1969 R60/US - I'm getting ready to put the cylinders back on but have a few questions that are not answered in my Clymer manual...
1) Do I use any kind of a sealant on the gasket between the cylinder & case (metal gasket)? How about cylinder & head?
2) What is the break in proceedure?
I think that's it for now unless someone has some extra tips.

oligee7275's picture
VBMWMO #7275
Joined: 05/31/2007
Posts: 80
Engine assembly questions - Gaskets & Break in

Hi ahdoman,
No sealant on either.
You said the base gasket is metal?
Mine was paper on a '59 R60 and I used Yamabond.
Generally you don't use a sealant with a metal gasket.
No sealant for your head gasket.
When you install the valve covers make sure the gaskets and surfaces are dry and free of oil. No sealant here either.
As for break in, keep your rpms under 2/3rd top rpm and vary your speeds and don't lug the engine. In other words ride it normally.
Most of your break in will occur within 300-500 miles. Ride some and let it cool then ride more and let it cool (heat cycling).
You could put all 500 miles on in one day if you wanted, just don't do it on the interstate. Running the engine at a steady speed or rpm will not let the parts mate properly.
After each ride check your base nuts for tightness (don't ask me how I know this) and after a few heat cycles retorque the head bolts and recheck valve clearances.
Change oil after 300 miles and after 600 miles just to get crud and swarf out from parts mating.
Others may have different ideas but this is pretty basic.
Hope this helps,

schrader7032's picture
VBMWMO #7032
San Antonio, TX
Joined: 10/27/2006
Posts: 6992
Engine assembly questions - Gaskets & Break in

My take on gaskets and break-in:

- I used Hylomar on the base gasket and it was the metal gasket. That's what the mechanic told me to do. I also used the sealant on the pushrod tube seals. Nothing on the head gasket.

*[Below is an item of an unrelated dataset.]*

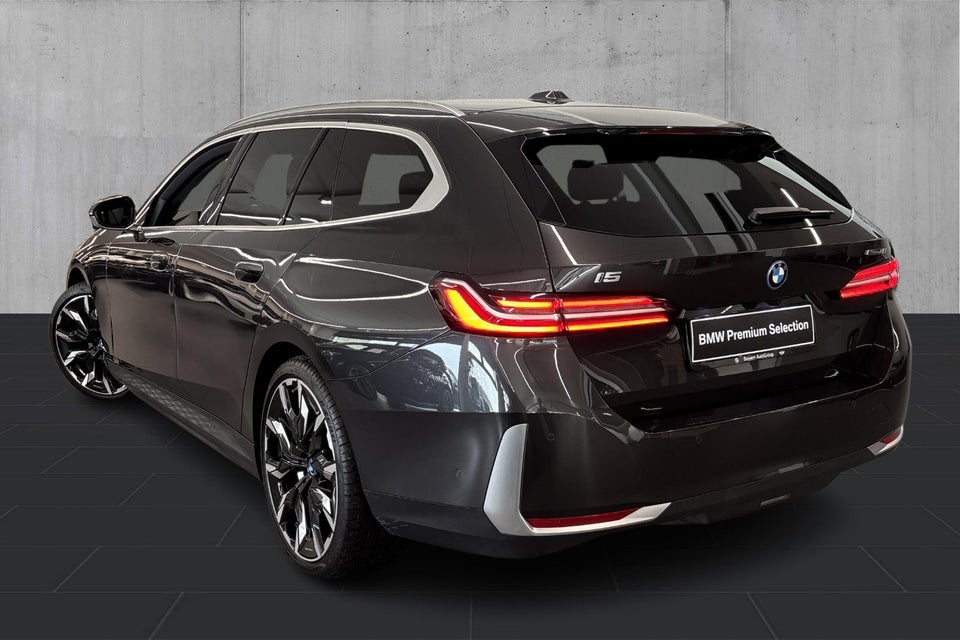 BMW i5 eDrive40 Touring Sport Line 5d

- Break-in...I've heard a lot of people recommend this website for info on break-in:


My approach was the following. I started the bike the first time and as soon as the engine would take enough throttle, I ran the RPMs up to about 3K. I held that for about 45-60 seconds. I then went for a ride. During the ride, I avoided any lengthly periods of idling (over 30 seonds) and varied the RPM probably not exceeding 4K RPM. I shifted a lot in order to get the acceleration and deceleration pressures to work on pushing the rings against the cylinder walls. After the first 20 mile ride, I drained oil. When cool, I checked torque and valve clearances. I changed oil again at 200 and 500 miles. I also checked torque and clearances just to be sure.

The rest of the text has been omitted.